Fear also drives the European peacekeeping mission in Lebanon. In a predictable turn of events, European peacekeepers sent to Lebanon as neutral observers have been converted into Hezbollah's primary protectors, largely because Hezbollah guerillas are now the primary protectors of European peacekeepers. Say what?
After an attack in June that killed six Spanish peacekeepers, Spain started cooperating with Hezbollah to determine who killed its soldiers. In fact, Spanish Prime Minister José Luis Rodríguez Zapatero, a post-modern disciple of the 'cult of engagement' who also happens to be deathly afraid of negative public opinion polls, decided to recruit Hezbollah and even Iran to safeguard Spanish troops as a way to safeguard his own job.

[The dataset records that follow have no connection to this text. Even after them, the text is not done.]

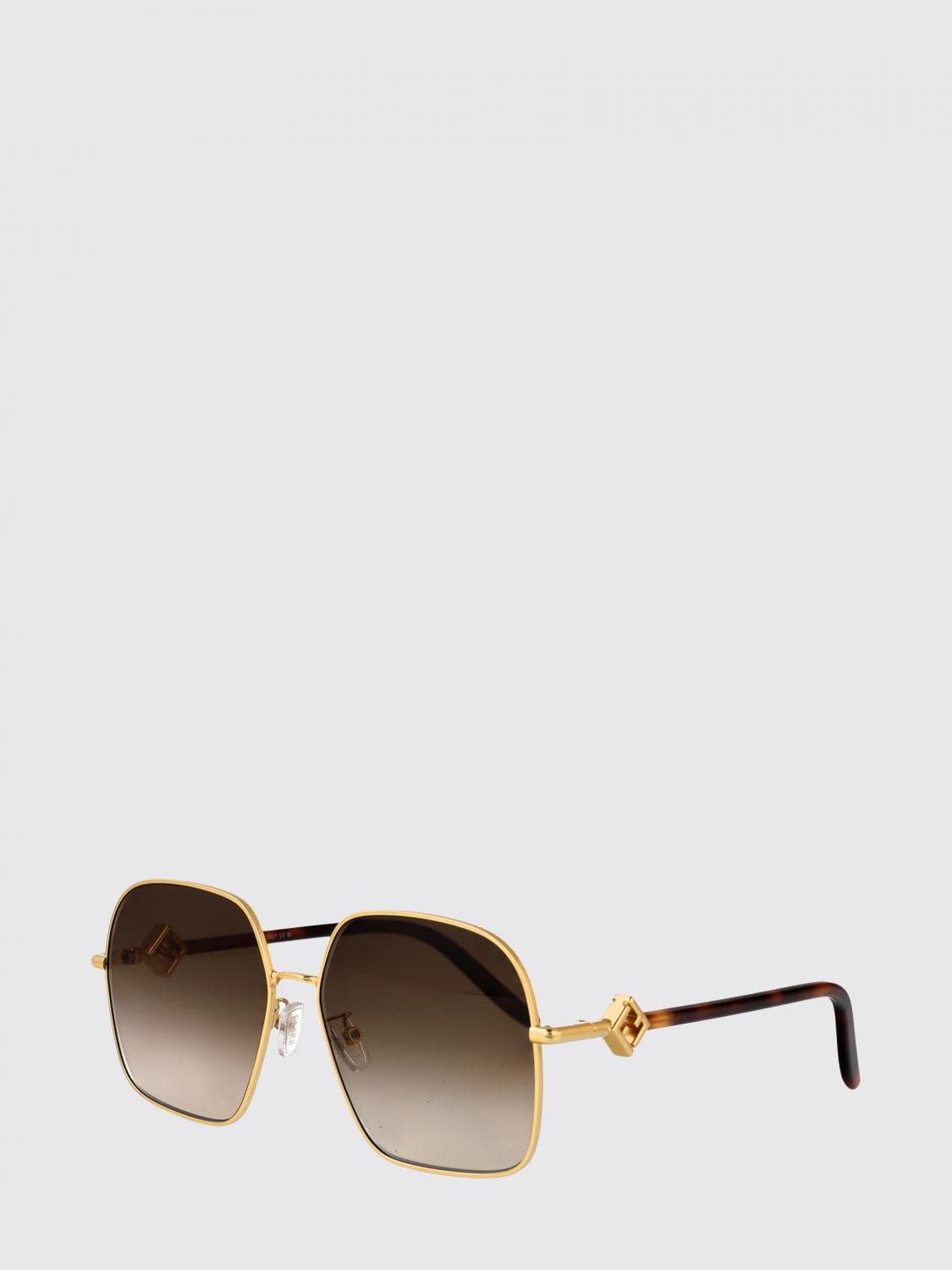 Fendi Oversized Square FF Monogram Metal Sunglasses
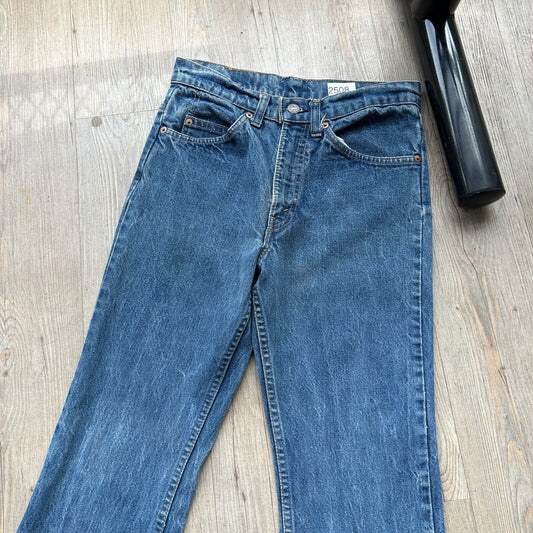 VINTAGE 80s | LEVI'S Flared Blue Denim Jeans Pants sz W28 L28 Made in USA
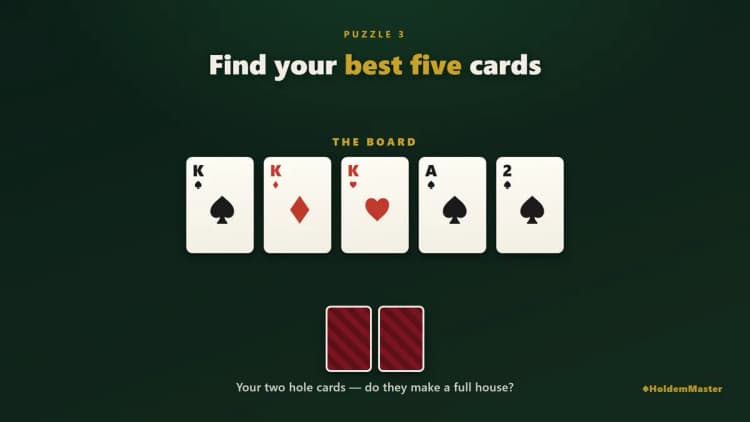 K-K-K-A-2 board on a poker table — can you spot the full house before the dealer does?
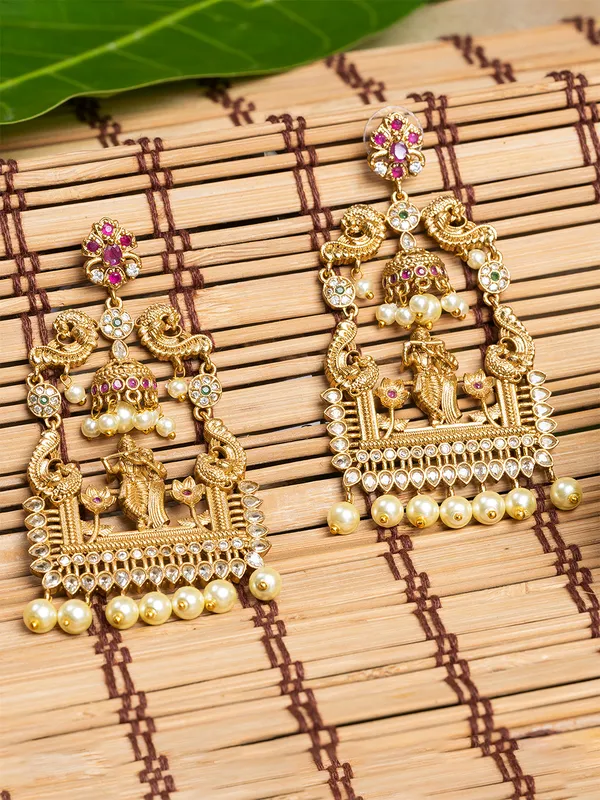 Gold_&_Multi_Square_Shape_Drop_Earrings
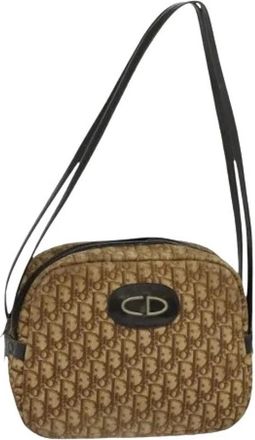 Dior Pre-owned Cross Body Bags, female, Brown, Size: ONE SIZE Pre-owned Canvas Trotter Shoulder Bag
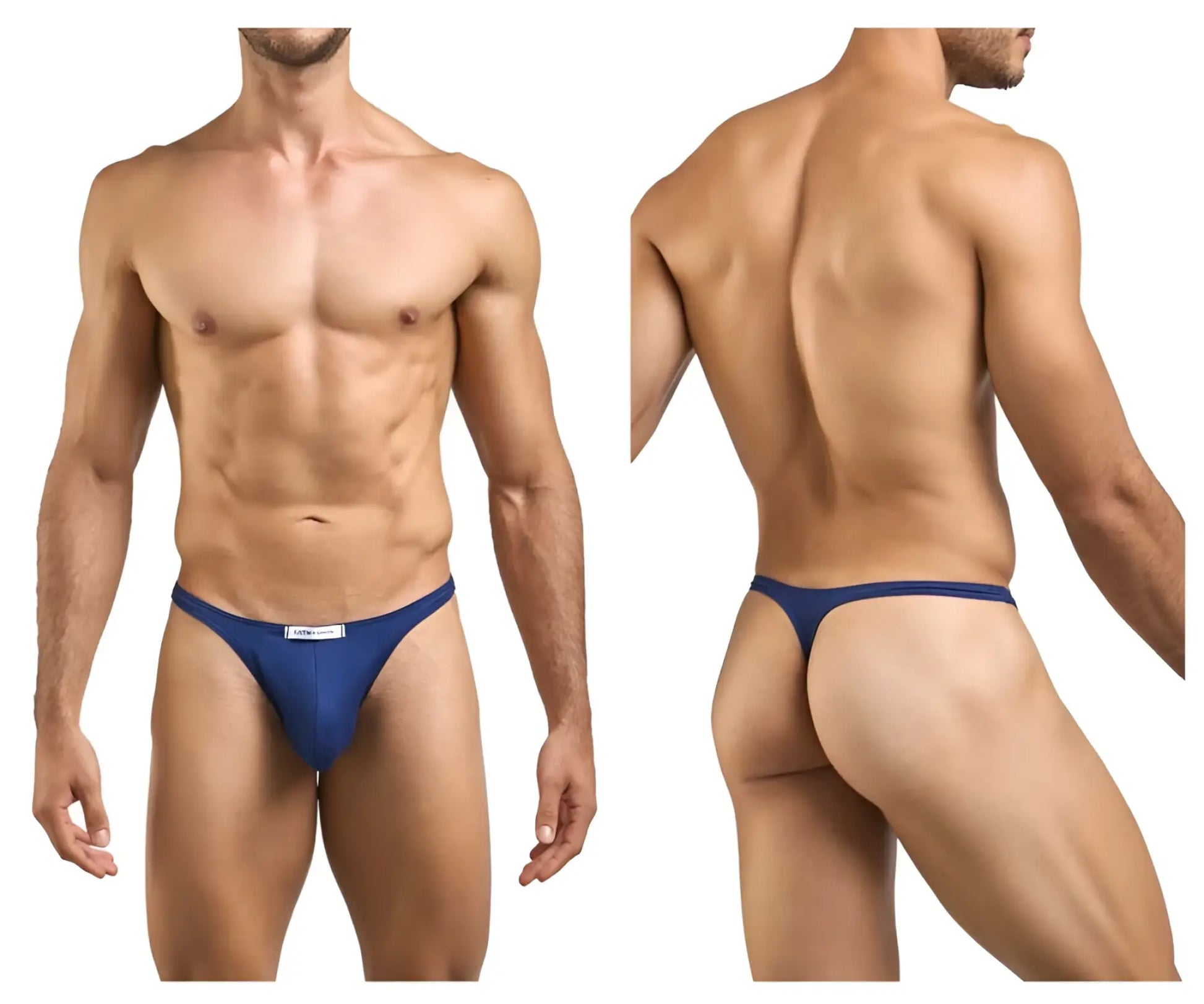 Justin simon xsj03 classic blue thong with small white front label in peach navy color combination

Then the hapless Spanish Foreign Minister, Miguel Ángel Moratinos, phoned Iranian Foreign Minister Manouchehr Mottaki and bizarrely praised Iran's "constructive and effective role in resolving regional crises." Moratinos also described as "positive" his relationship with Hezbollah. Indeed, after secretly meeting with Spanish intelligence agents, who presumably promised that Spanish troops would look the other way as Hezbollah rearms for its next war against Israel, Hezbollah militants agreed to provide "escorts" to protect UNIFIL patrols.
Post-Heroic Europeans
So why did Europeans send troops to Lebanon in the first place? Because Lebanon was supposed to have been Europe's superpower moment. The United States, by staying on the sidelines in Lebanon, provided an opening for Europeans to prove themselves as honest brokers in the Middle East. And indeed, Europeans opposed sending a NATO force to Lebanon precisely because they said it would be too American.
But today's UNIFIL, like so many other things European, is an empty shell. It was manipulated by pretentious Europeans who, resentful of American power and influence on the world stage, think they can pretend their way to superpowerdom by acting a part.
Indeed, many Europeans, evoking the American experience in Beirut in 1983, assumed that Lebanon would prove how much better things would be if the world would just let Europe run things. Instead, Lebanon is showing the world what post-heroic Europeans are really made of. Because, if anything, Lebanon shows that fear is the great European Achilles' heel. Meanwhile, as Europeans look on, Hezbollah prepares for another war.